[Short web captions]
==*==

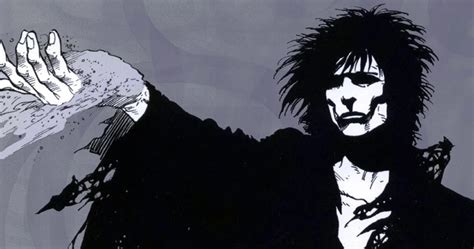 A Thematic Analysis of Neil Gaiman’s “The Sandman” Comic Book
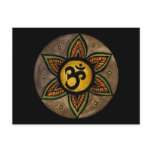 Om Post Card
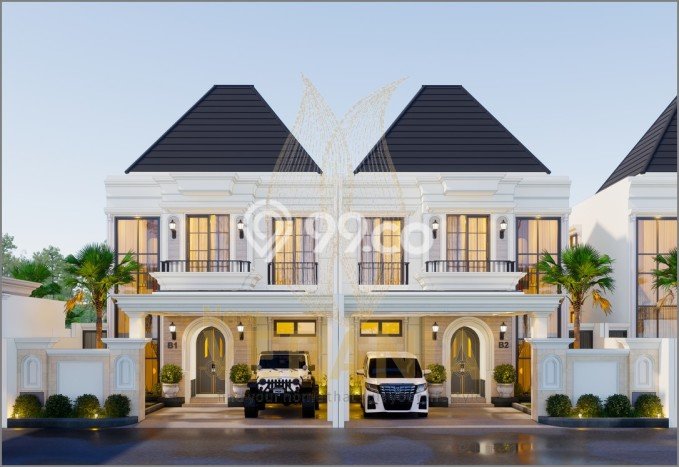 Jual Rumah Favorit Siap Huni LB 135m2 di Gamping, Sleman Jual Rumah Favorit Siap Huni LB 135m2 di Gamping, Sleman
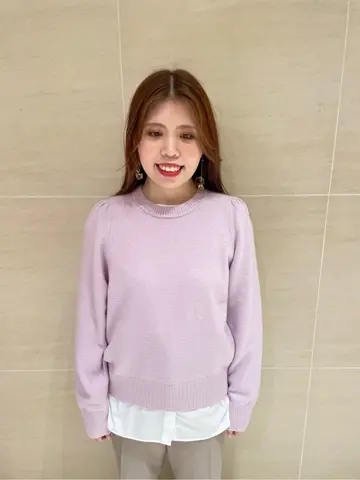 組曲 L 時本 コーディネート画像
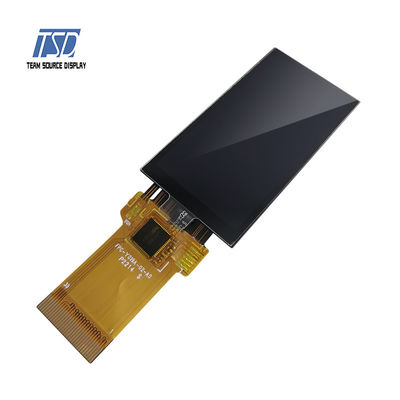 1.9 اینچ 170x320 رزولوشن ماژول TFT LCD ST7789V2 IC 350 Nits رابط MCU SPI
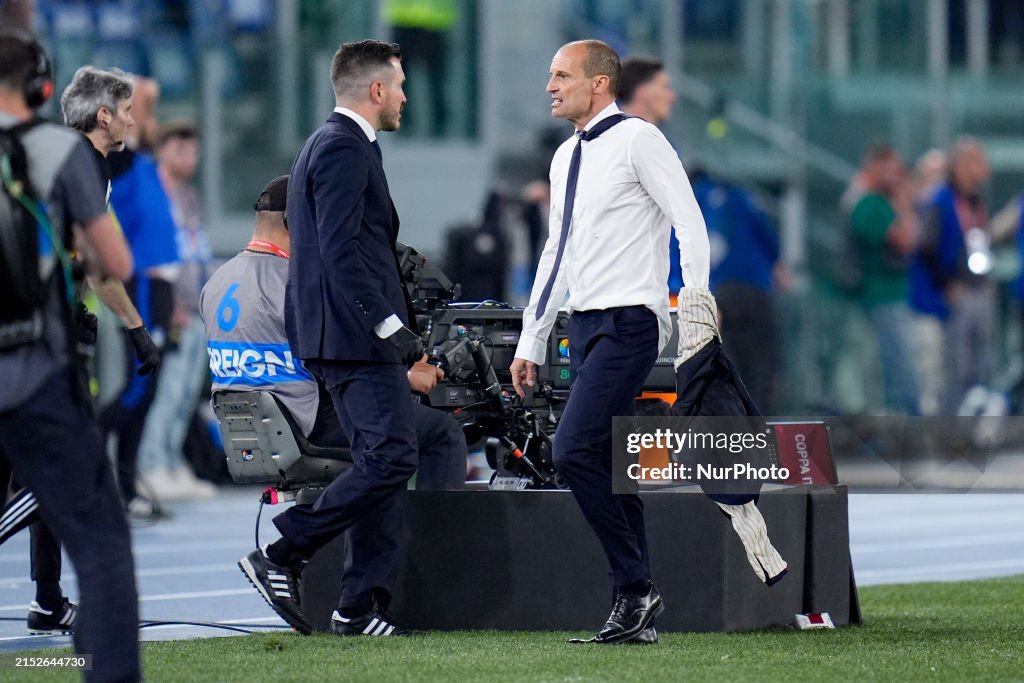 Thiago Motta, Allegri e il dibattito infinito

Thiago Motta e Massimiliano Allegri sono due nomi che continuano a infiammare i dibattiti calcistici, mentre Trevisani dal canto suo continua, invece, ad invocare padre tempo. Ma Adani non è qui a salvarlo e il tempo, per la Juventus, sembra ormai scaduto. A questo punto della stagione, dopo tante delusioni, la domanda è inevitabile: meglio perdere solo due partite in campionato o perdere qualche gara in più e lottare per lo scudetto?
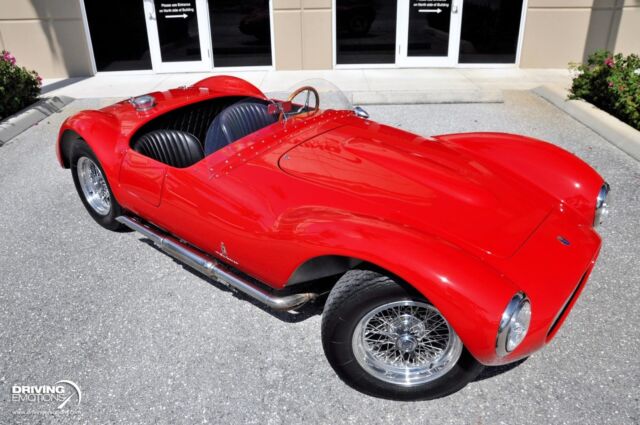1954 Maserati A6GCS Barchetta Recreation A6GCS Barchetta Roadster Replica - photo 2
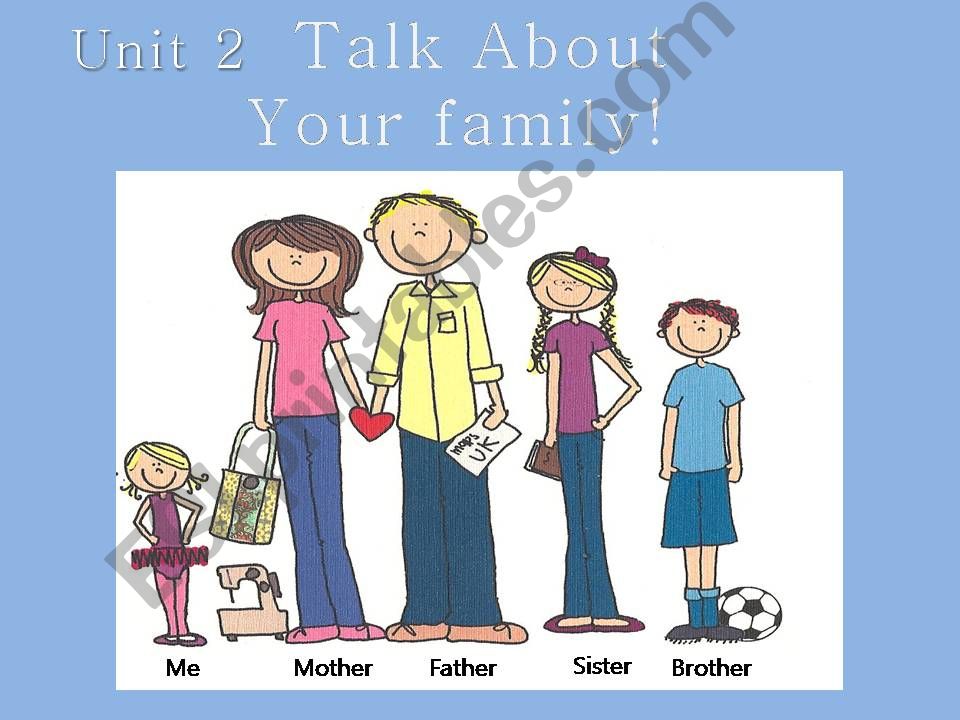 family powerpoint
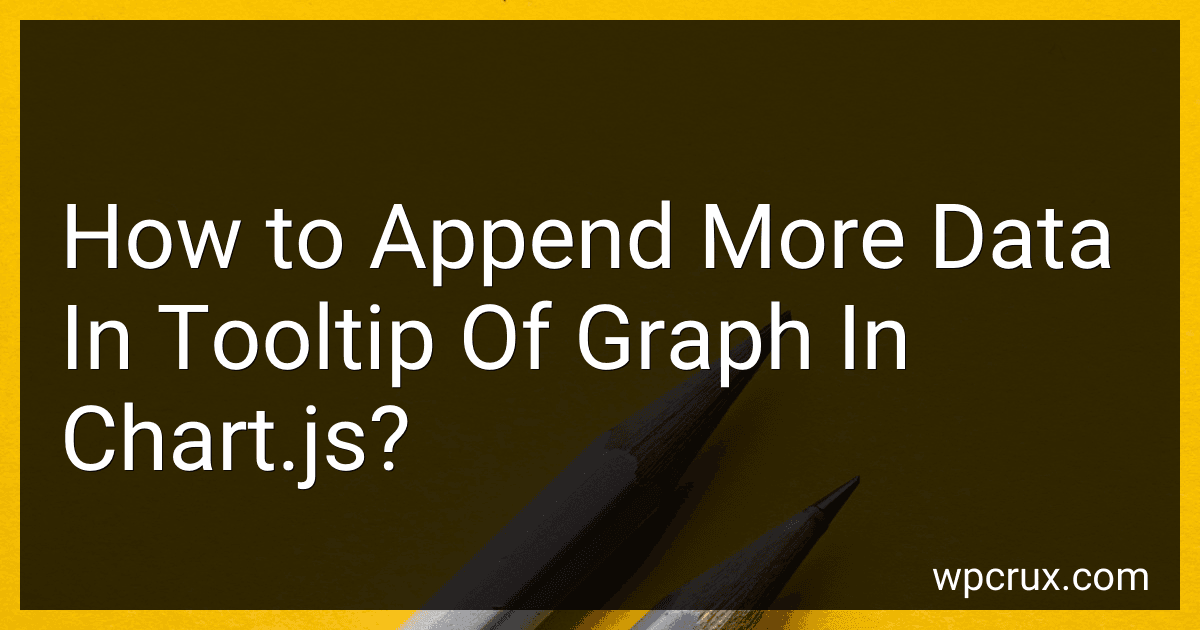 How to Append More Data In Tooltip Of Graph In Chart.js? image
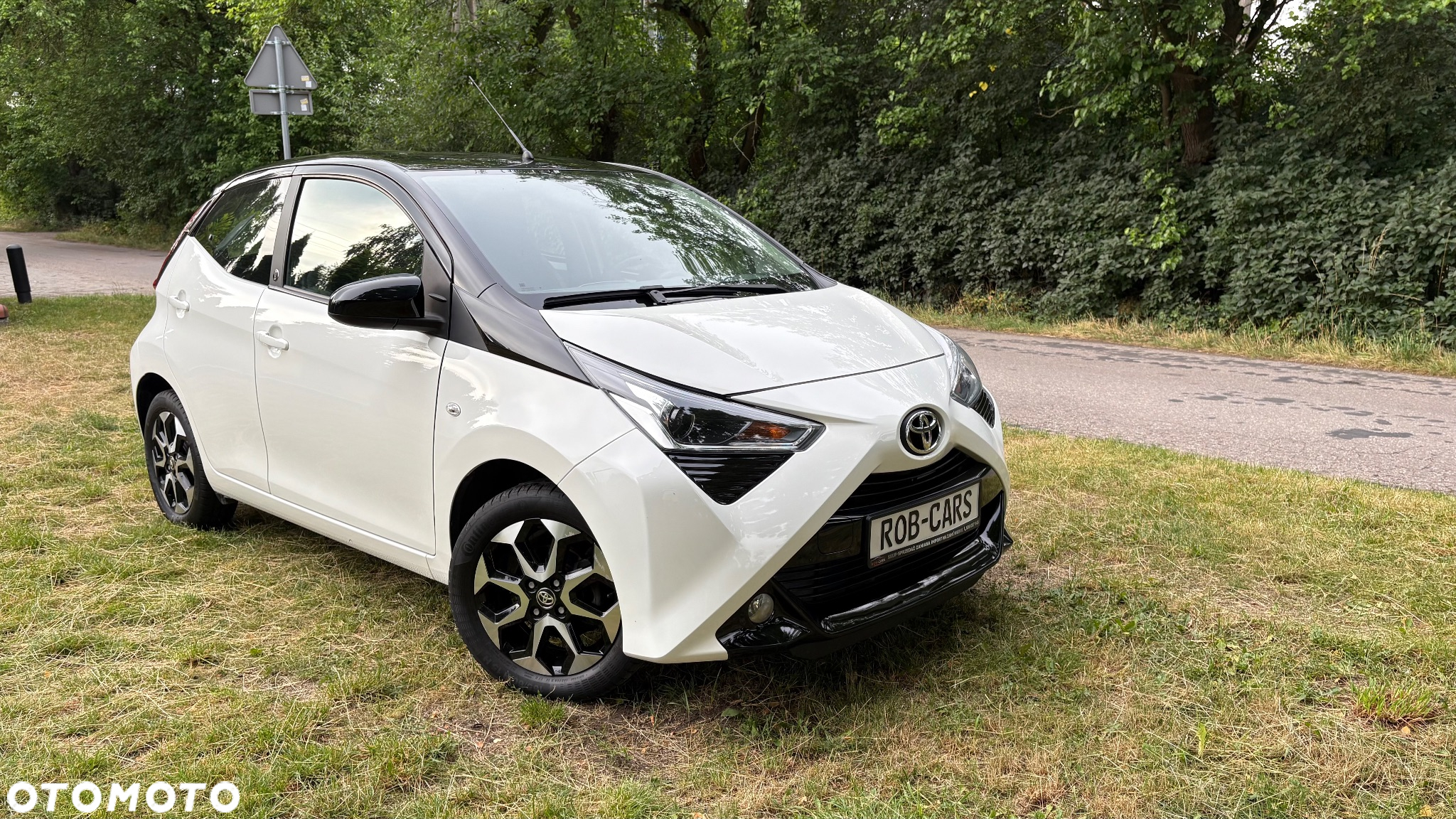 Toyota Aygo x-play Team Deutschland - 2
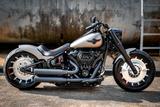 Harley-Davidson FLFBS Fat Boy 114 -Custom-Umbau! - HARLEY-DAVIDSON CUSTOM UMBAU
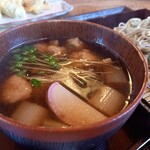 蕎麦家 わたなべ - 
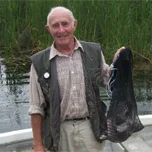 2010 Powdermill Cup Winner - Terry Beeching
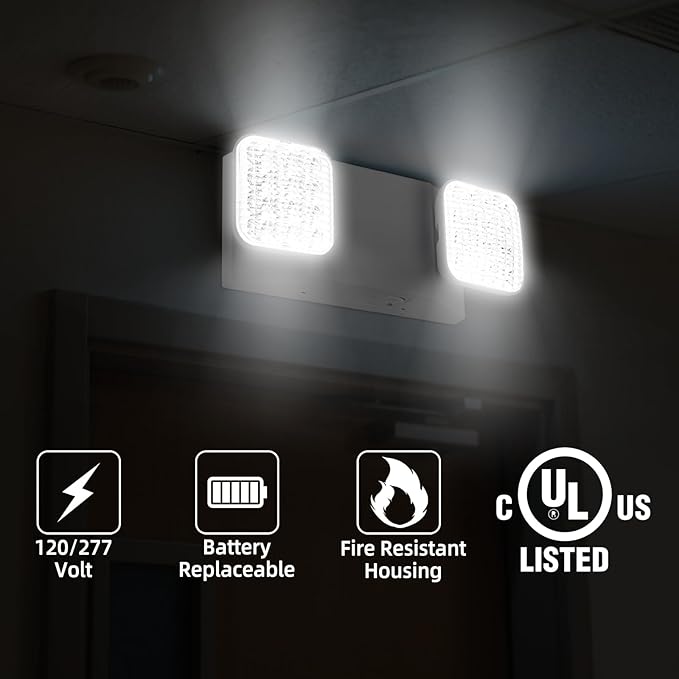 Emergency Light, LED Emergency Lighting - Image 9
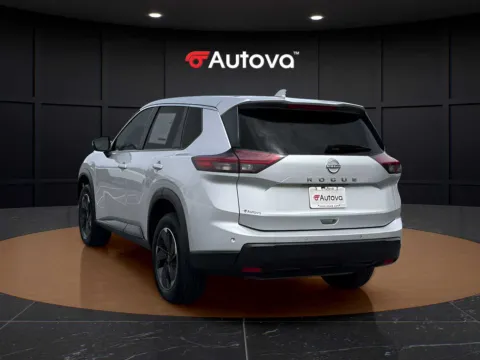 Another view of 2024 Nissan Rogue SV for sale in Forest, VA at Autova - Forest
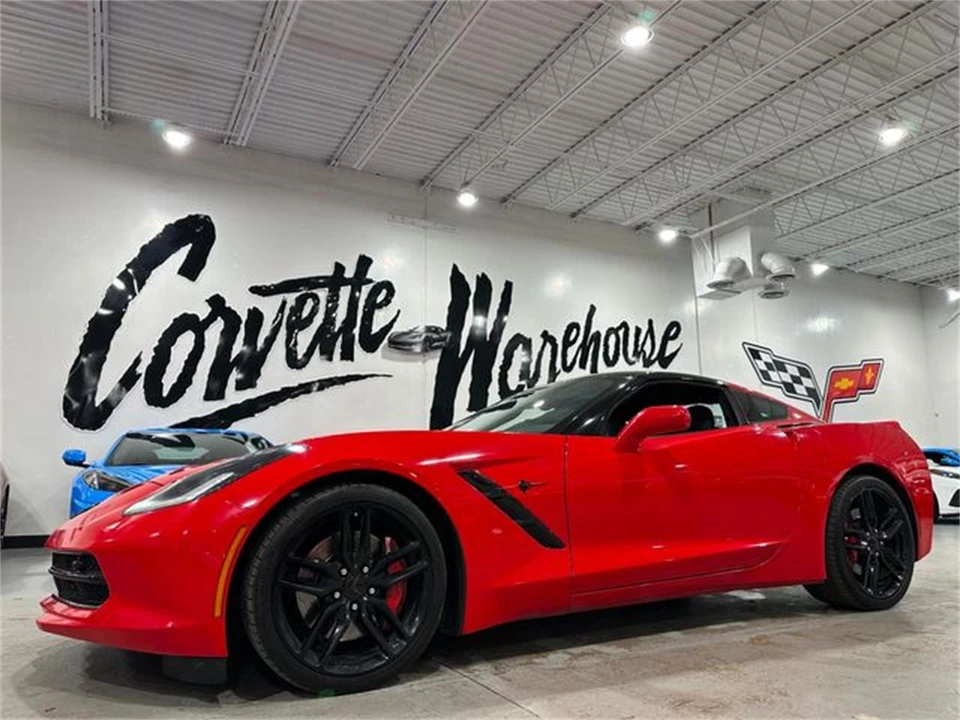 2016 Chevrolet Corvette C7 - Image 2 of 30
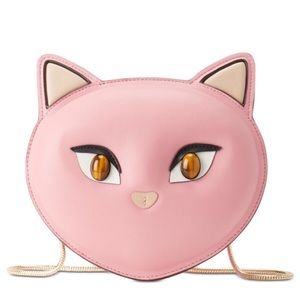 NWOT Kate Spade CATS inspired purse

==*==

BRIEF: Print each record exactly as it stands, omitting the pictures.

WRITTEN ANSWER:
 A Thematic Analysis of Neil Gaiman’s “The Sandman” Comic Book
 Om Post Card
 Jual Rumah Favorit Siap Huni LB 135m2 di Gamping, Sleman Jual Rumah Favorit Siap Huni LB 135m2 di Gamping, Sleman
 組曲 L 時本 コーディネート画像
 1.9 اینچ 170x320 رزولوشن ماژول TFT LCD ST7789V2 IC 350 Nits رابط MCU SPI
 Thiago Motta, Allegri e il dibattito infinito

Thiago Motta e Massimiliano Allegri sono due nomi che continuano a infiammare i dibattiti calcistici, mentre Trevisani dal canto suo continua, invece, ad invocare padre tempo. Ma Adani non è qui a salvarlo e il tempo, per la Juventus, sembra ormai scaduto. A questo punto della stagione, dopo tante delusioni, la domanda è inevitabile: meglio perdere solo due partite in campionato o perdere qualche gara in più e lottare per lo scudetto?
1954 Maserati A6GCS Barchetta Recreation A6GCS Barchetta Roadster Replica - photo 2
 family powerpoint
 How to Append More Data In Tooltip Of Graph In Chart.js? image
 Toyota Aygo x-play Team Deutschland - 2
 Harley-Davidson FLFBS Fat Boy 114 -Custom-Umbau! - HARLEY-DAVIDSON CUSTOM UMBAU
 蕎麦家 わたなべ - 
 2010 Powdermill Cup Winner - Terry Beeching
 Emergency Light, LED Emergency Lighting - Image 9
 Another view of 2024 Nissan Rogue SV for sale in Forest, VA at Autova - Forest
 2016 Chevrolet Corvette C7 - Image 2 of 30
 NWOT Kate Spade CATS inspired purse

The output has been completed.